_Input data_.
· · · · · · ·
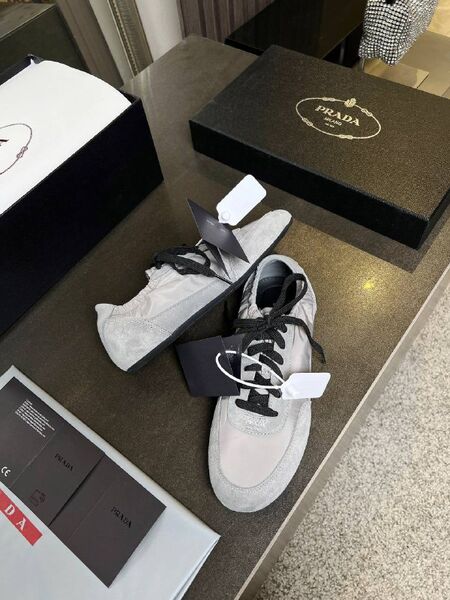 Женские кроссовки Prada Wmns Collapse Re-Nylon And Suede Sneaker женский кожа серый c4849344-1-7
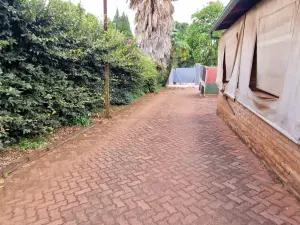 4 Bedroom House to Rent in Avondale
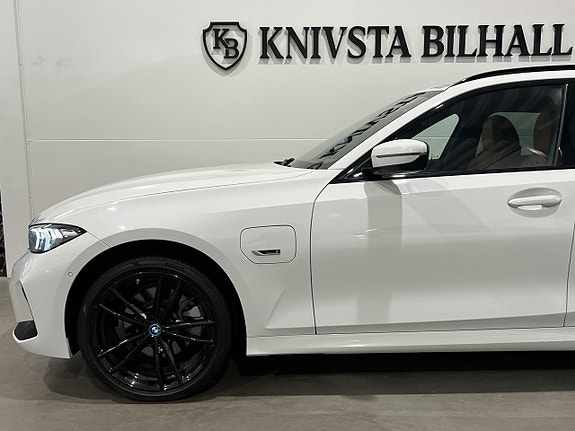 BMW 330e 29 of 30
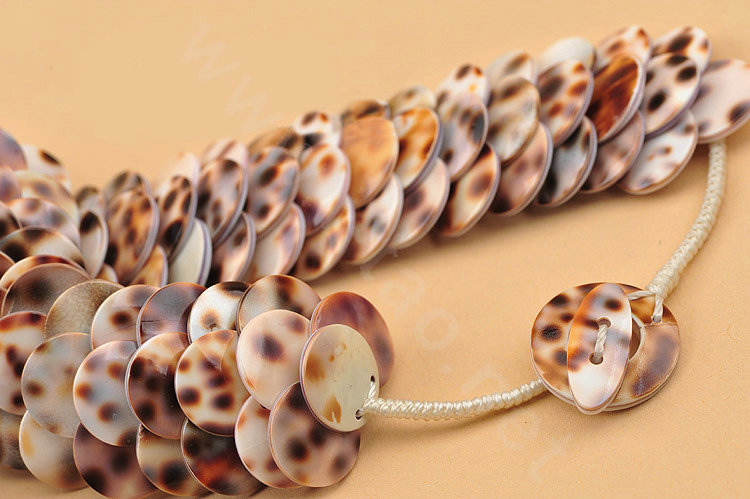 Luxury Fashion Women Exaggeration Choker Natural Shell Slice Bib Necklace Jewelry - Leopard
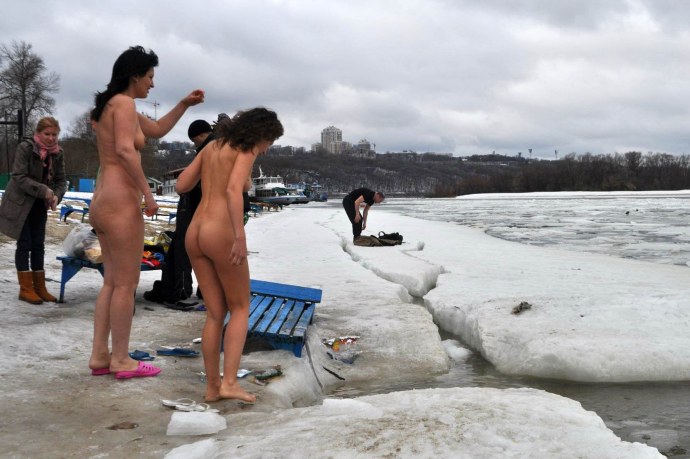 Женщины купаются в проруби голышом
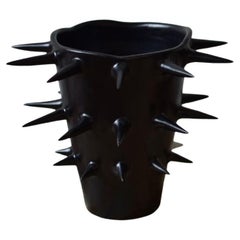 Handgefertigte schwarze dekorative Keramikvase mit Spikes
· · · · · · ·
_Task directions_.
Give back every line of the material above word for word, leaving out the pictures.

_Task answer_.
 Женские кроссовки Prada Wmns Collapse Re-Nylon And Suede Sneaker женский кожа серый c4849344-1-7
 4 Bedroom House to Rent in Avondale
 BMW 330e 29 of 30
 Luxury Fashion Women Exaggeration Choker Natural Shell Slice Bib Necklace Jewelry - Leopard
 Женщины купаются в проруби голышом
 Handgefertigte schwarze dekorative Keramikvase mit Spikes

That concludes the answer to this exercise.